Messire Antoine Furetiere naquit à Paris l'année 1620. Il fit ses études avec succez, & se rendit habile en Droit Civil & en Droit Canon. Aprés avoir été reçû Advocat au Parlement, il fut pourveu de la charge de Procureur Fiscal de la Justice de l'Abbaye de St. Germain des Prez. Il passa en suite dans l'Estat Ecclesiastique, & fut gratifié de l'Abbaye de Chalivoy au Diocese de Bourges, & du Prieuré de Chuines.

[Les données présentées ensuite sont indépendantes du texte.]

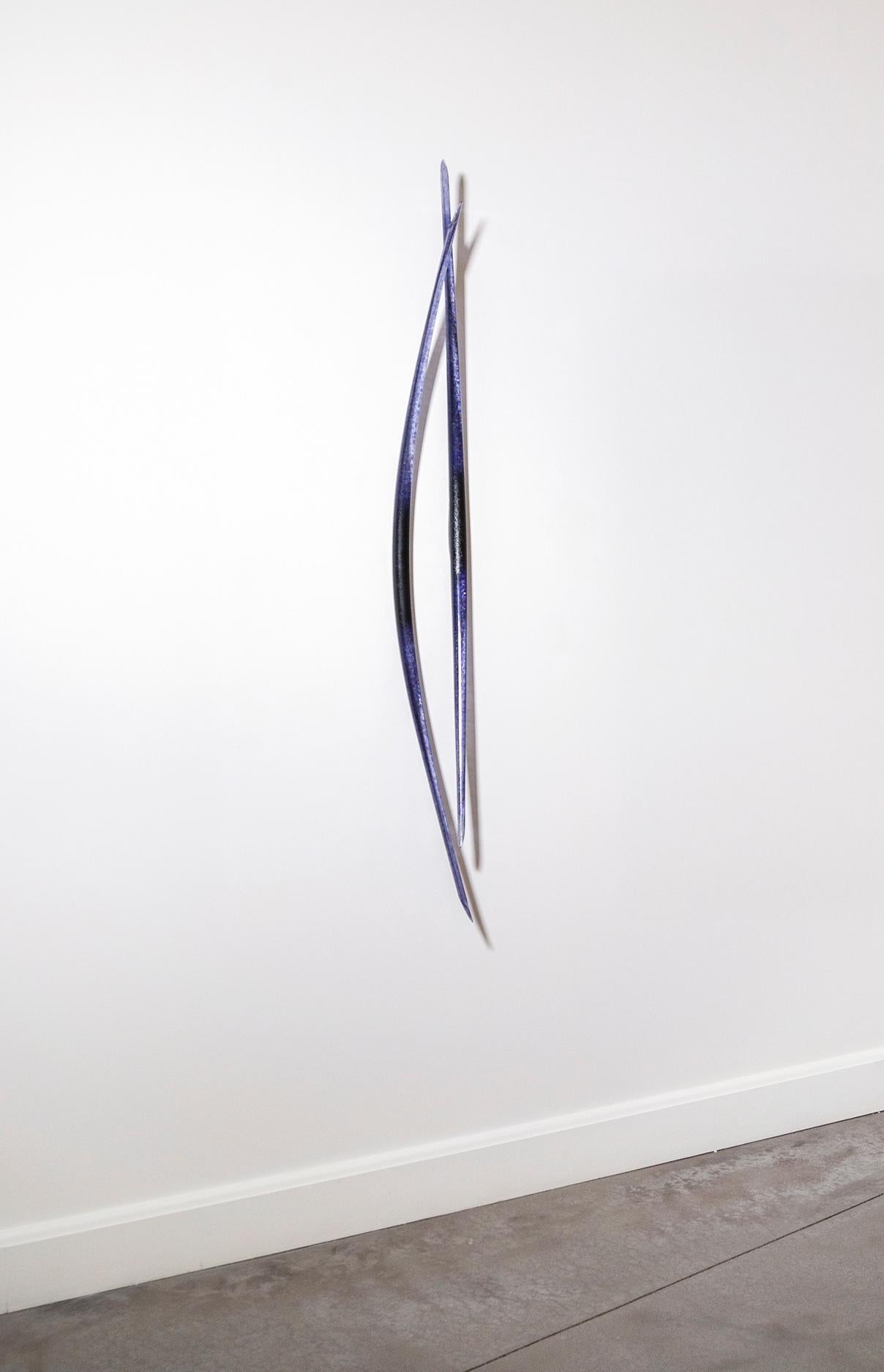 This contemporary blue glass wall sculpture is made by a Canadian artist.

John Paul Robinson’s award winning glass work is inspired by the artist’s fascination with the complex world of scientific discovery, nature and our own mythological beliefs.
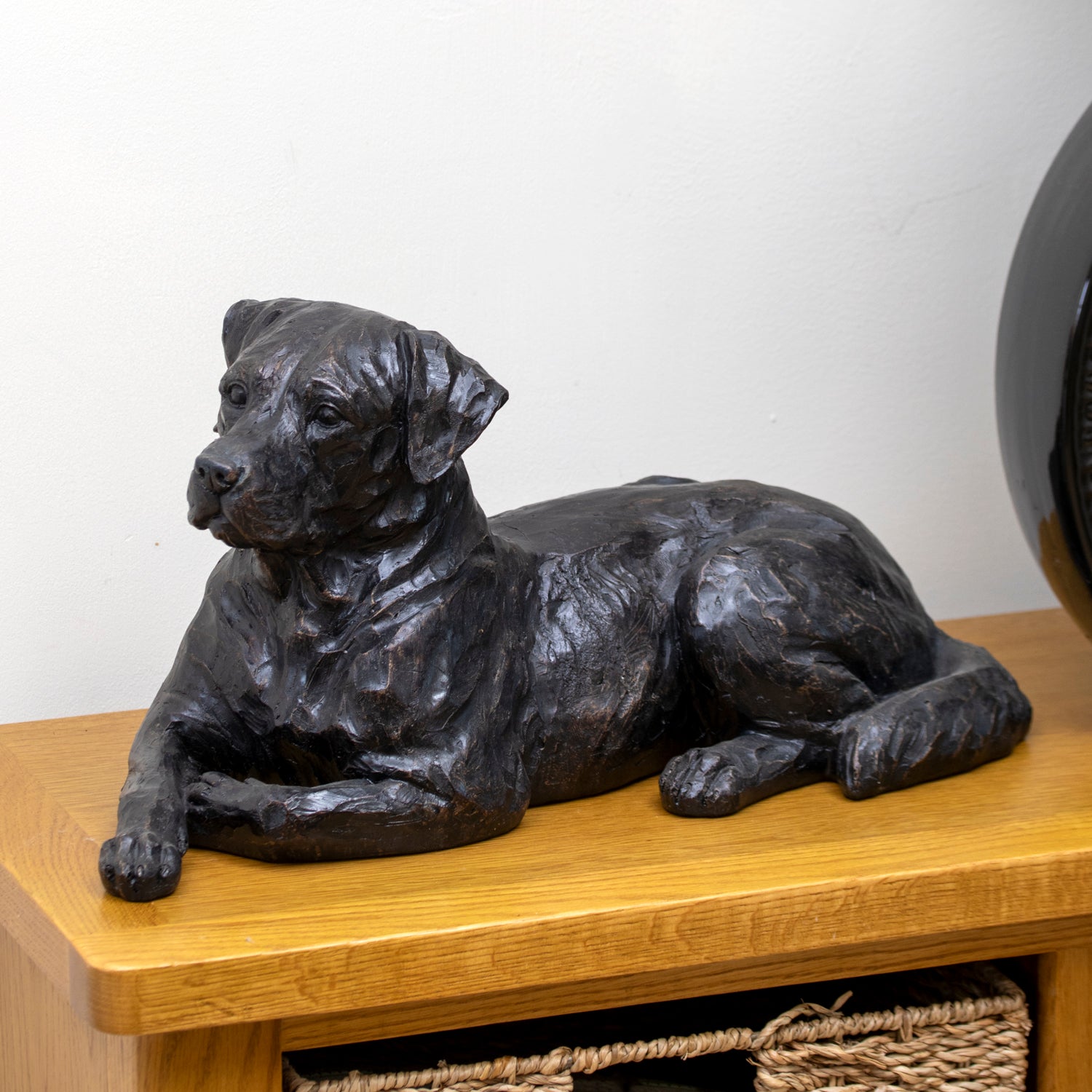 Black Laying Dog Sculpture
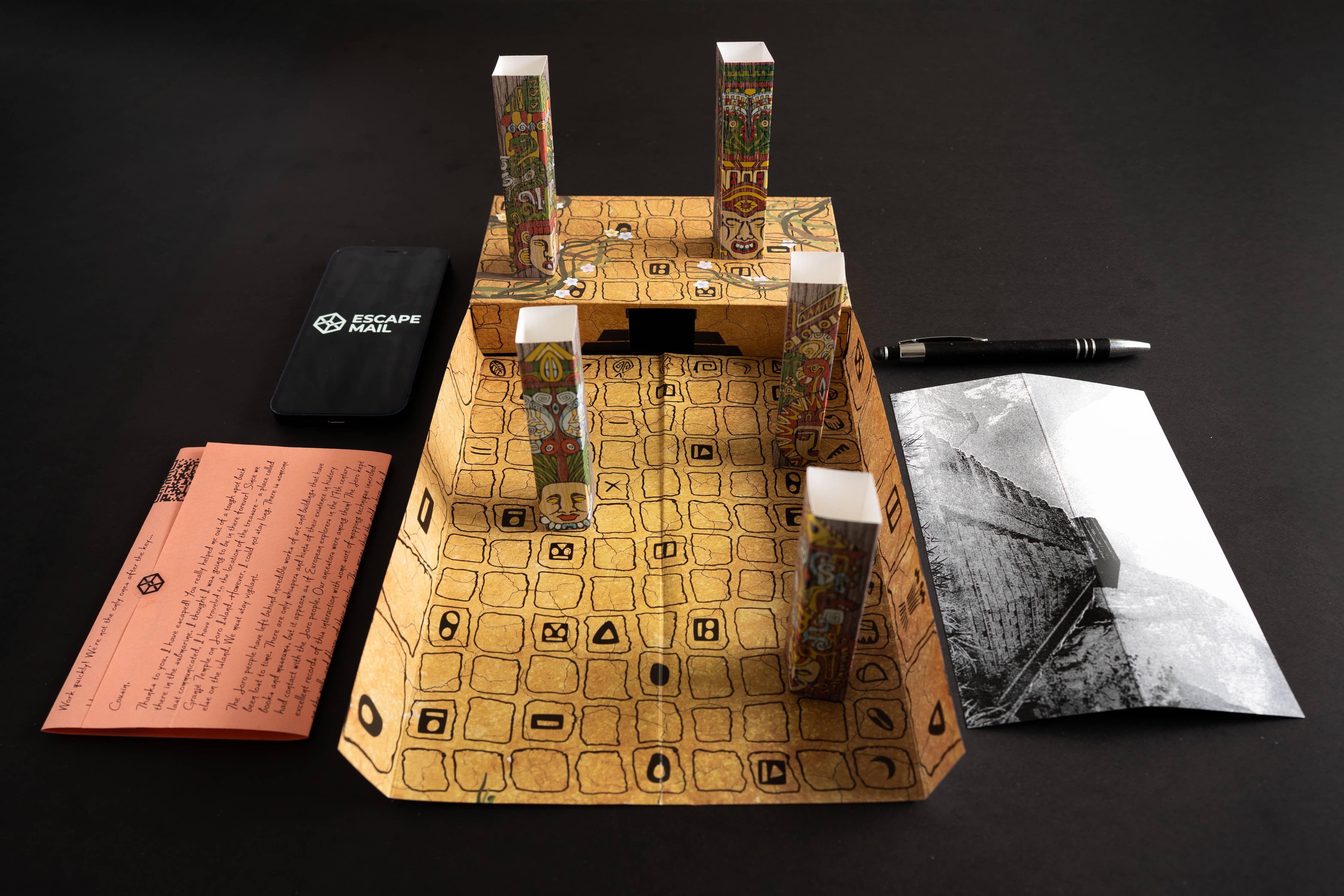 The Family Secrets Series Episode 3 Ancient Mysteries 3D paper puzzle with pen, phone, letter, and photo pieces.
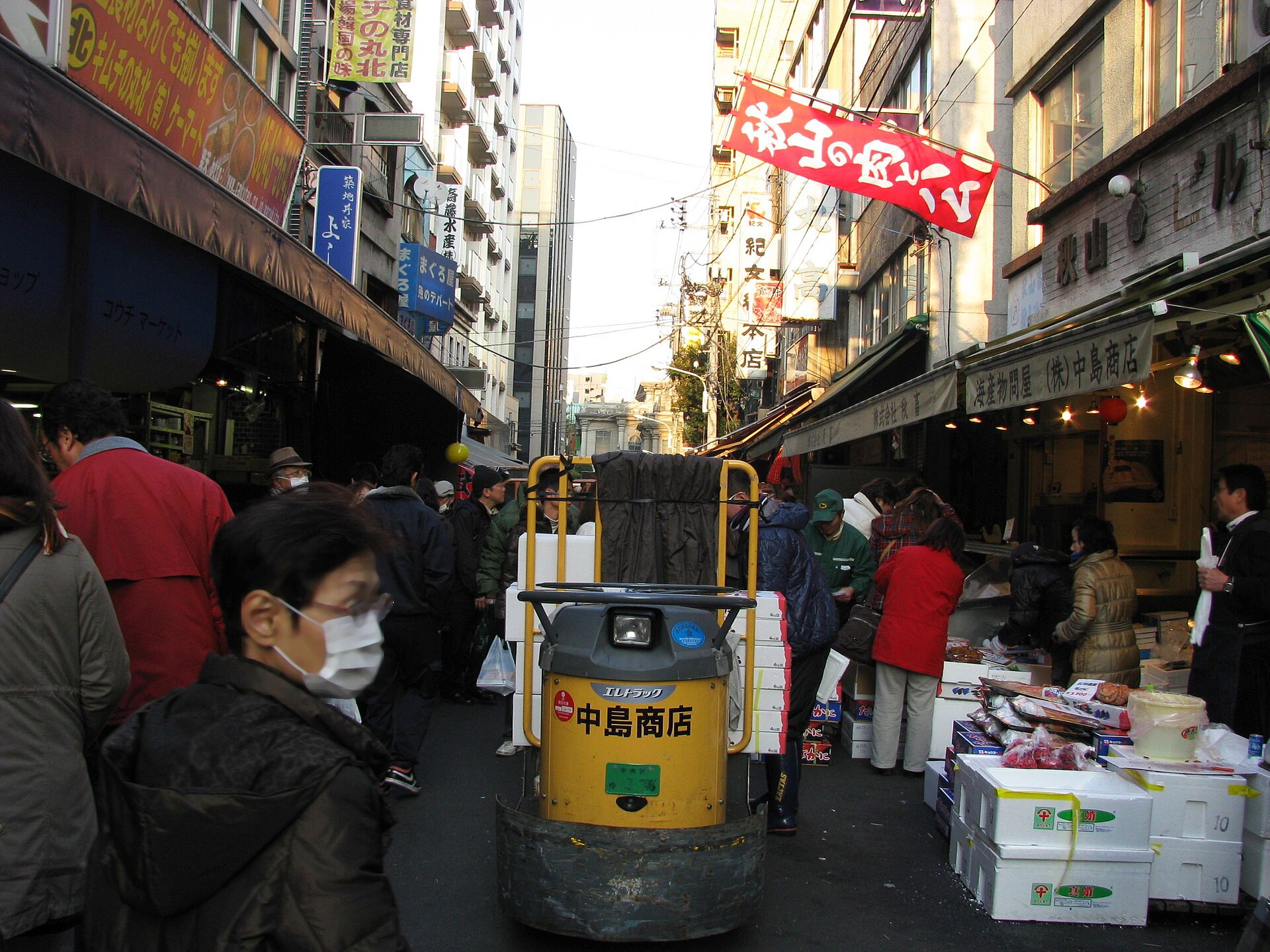 Shoppers and a small delivery vehicle share a narrow lane beside open seafood boxes at Tsukiji Outer Market in Tokyo.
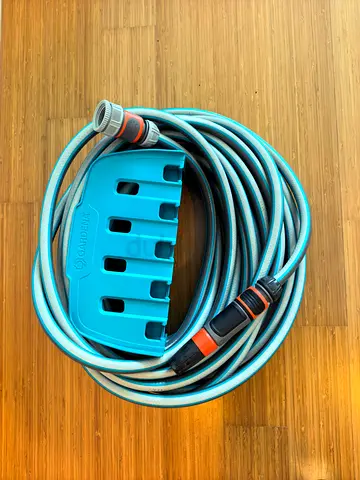 Gardena garden hose with wall mount holder - 10m (used)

Il fu reçû à l'Academie Françoise le 15. May 1662. La Nouvelle Allegorique qu'il fit imprimer en 1658. sur l'Eloquence du temps, est toute pleine de railleries ingenieuses & savantes. Il a publié divers autres Ouvrages tant en vers qu'en prose, où il a montré qu'il avoit beaucoup de talens pour cette espece de Morale qui cherche à nous guerir du vice en le tournant en ridicule. C'est dans cet esprit qu'il composa le Roman Bourgeois, imprimé à Paris en 1666. où il se mocque de plusieurs defauts qui ne sont que trop communs dans le monde ; & en particulier il y raille d'une maniere fort plaisante les Auteurs d'Epîtres Dedicatoires. Le Voyage de Mercure, & un Recueil de Poësies diverses qu'il avoit dêjà publiez, parmy lesquelles il y a quelques Satyres & quelques Epîtres, sont à peu prés de ce même caractere, & ces pieces eurent beaucoup de debit dans leur nouveauté. Il n'en fut pas de même des Fables en vers, qu'il publia quelque temps aprés que celles d'Esope traduites par Mr. de la Fontaine eurent paru : & c'est peut-être ce qui a commencé la mesintelligence de ces deux Auteurs. Mais il est aisé de connoître par l'importance de ce Dictionaire Universel, que Mr. Furetiere ne regardoit ces autres Ouvrages que comme des amusements de jeunesse, ou de simples delassements d'esprit, & qu'il reservoit toutes ses forces pour celuy-cy. Il n'a pas eu la satisfaction de le voir imprimé, étant mort le 14. May 1688. Grand exemple de la vanité des occupations des Savans. Ceux qui travaillent aux escrits les plus durables, qui d'un côté demandent une plus longue application, & produisent de l'autre une plus glorieuse immortalité, meurent le plus souvent, sans que personne les ait pû ou remercier, ou loüer de leur peine ; & puis les voilà dans l'état dont parle le saint homme Job : Ses enfants seront avancez, & il n'en saura rien. Vanitas vanitum, & omnia vanitas.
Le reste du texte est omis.